## Your assignment:
Could you repeat every record below exactly, leaving out the pictures?

## Data shown:
╭──
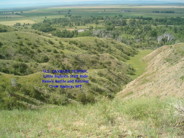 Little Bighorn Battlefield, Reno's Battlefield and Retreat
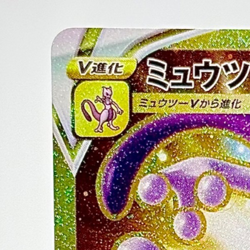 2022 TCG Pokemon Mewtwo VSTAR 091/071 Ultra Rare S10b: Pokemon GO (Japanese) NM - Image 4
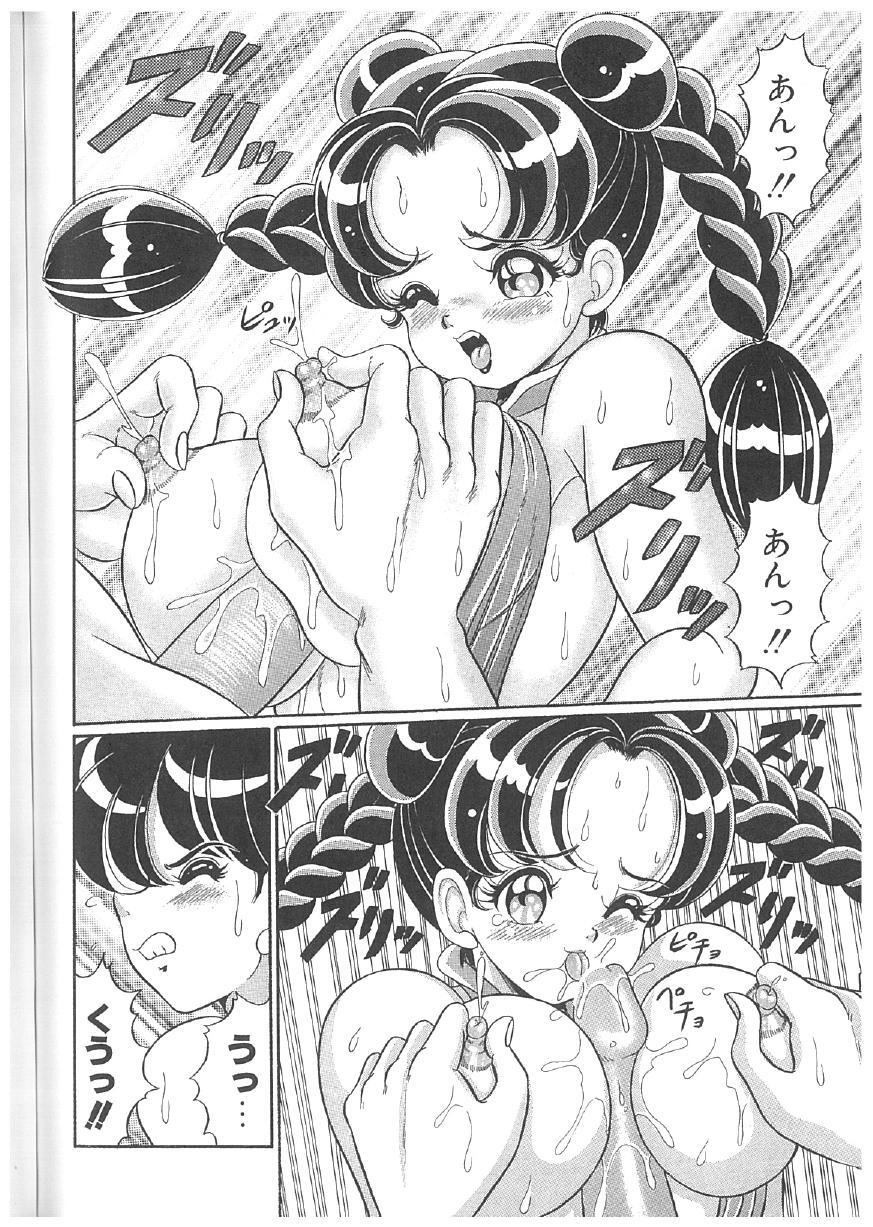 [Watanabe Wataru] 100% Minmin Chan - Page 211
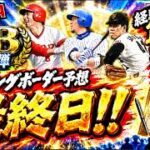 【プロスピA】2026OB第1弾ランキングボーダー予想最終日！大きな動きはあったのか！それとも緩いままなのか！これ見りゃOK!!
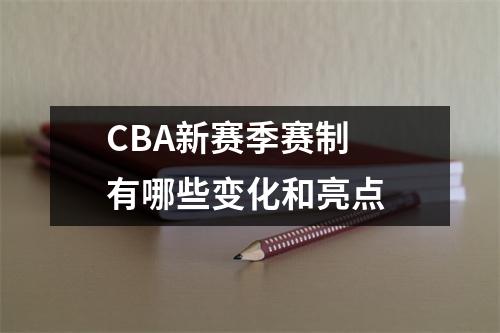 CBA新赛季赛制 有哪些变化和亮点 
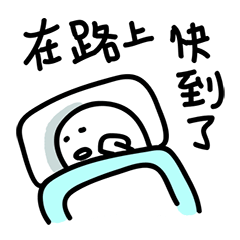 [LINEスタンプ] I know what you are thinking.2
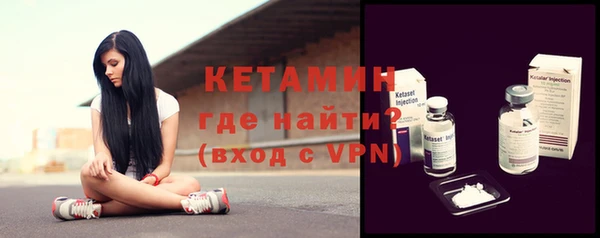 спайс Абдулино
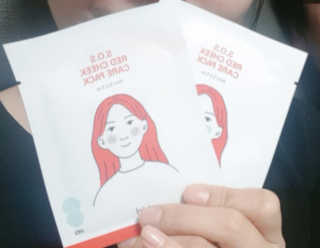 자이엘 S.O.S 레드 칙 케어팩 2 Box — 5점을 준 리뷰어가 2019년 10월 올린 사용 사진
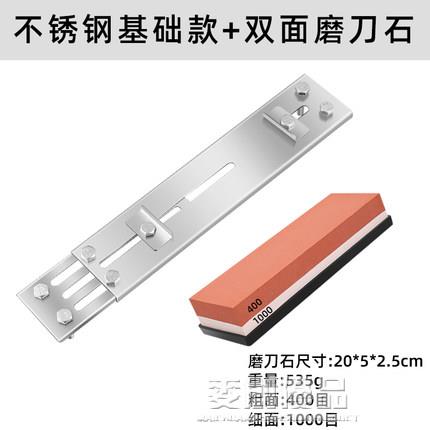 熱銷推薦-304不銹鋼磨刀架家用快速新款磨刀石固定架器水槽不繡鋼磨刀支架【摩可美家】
╰──
## Output for this exercise:
 Little Bighorn Battlefield, Reno's Battlefield and Retreat
 2022 TCG Pokemon Mewtwo VSTAR 091/071 Ultra Rare S10b: Pokemon GO (Japanese) NM - Image 4
 [Watanabe Wataru] 100% Minmin Chan - Page 211
 【プロスピA】2026OB第1弾ランキングボーダー予想最終日！大きな動きはあったのか！それとも緩いままなのか！これ見りゃOK!!
 CBA新赛季赛制 有哪些变化和亮点 
 [LINEスタンプ] I know what you are thinking.2
 спайс Абдулино
 자이엘 S.O.S 레드 칙 케어팩 2 Box — 5점을 준 리뷰어가 2019년 10월 올린 사용 사진
 熱銷推薦-304不銹鋼磨刀架家用快速新款磨刀石固定架器水槽不繡鋼磨刀支架【摩可美家】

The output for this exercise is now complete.